### INFORMATION SUPPLIED
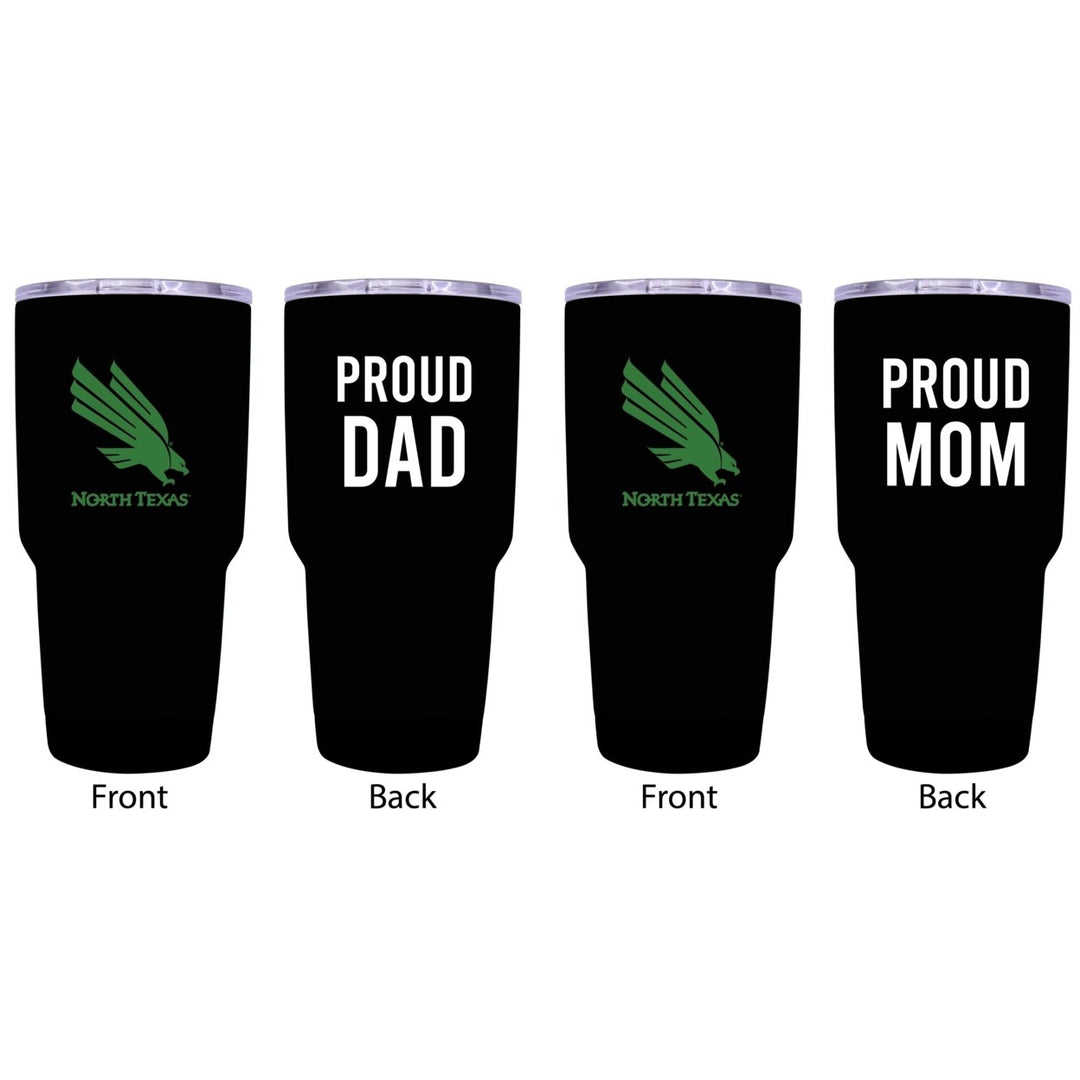 North Texas Proud Parent 24 oz Insulated Tumblers Set - Black, Mom and Dad Edition Image 1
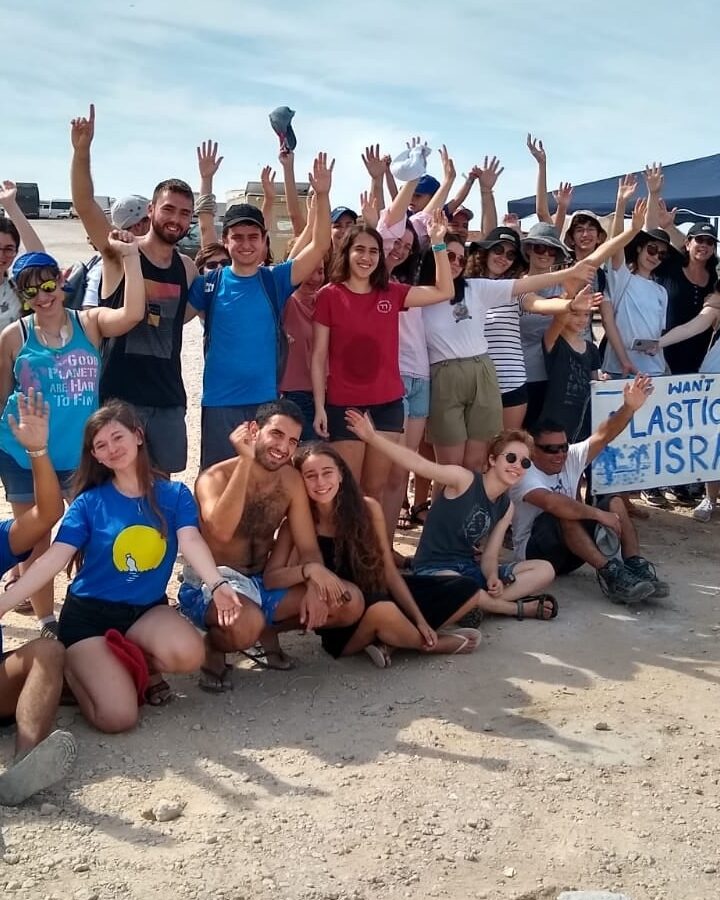 Members of Plastic Free Israel at a beach cleanup. Photo: courtesy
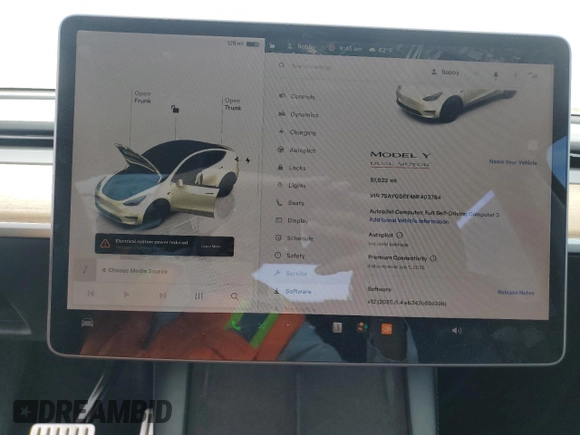 2022 Tesla Model Y Performance с VIN 7SAYGDEF4NF403784, выставлен на аукционе Copart как лот 53392595 с пробегом 51 023 миль миль и Списание • Salvage title. История ставок и продаж доступна на DreamBid. Изображение 9.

### WHAT THE TASK ASKS
Word for word, restate all of the material above except its pictures.

### ANSWER BELOW
 North Texas Proud Parent 24 oz Insulated Tumblers Set - Black, Mom and Dad Edition Image 1
 Members of Plastic Free Israel at a beach cleanup. Photo: courtesy
 2022 Tesla Model Y Performance с VIN 7SAYGDEF4NF403784, выставлен на аукционе Copart как лот 53392595 с пробегом 51 023 миль миль и Списание • Salvage title. История ставок и продаж доступна на DreamBid. Изображение 9.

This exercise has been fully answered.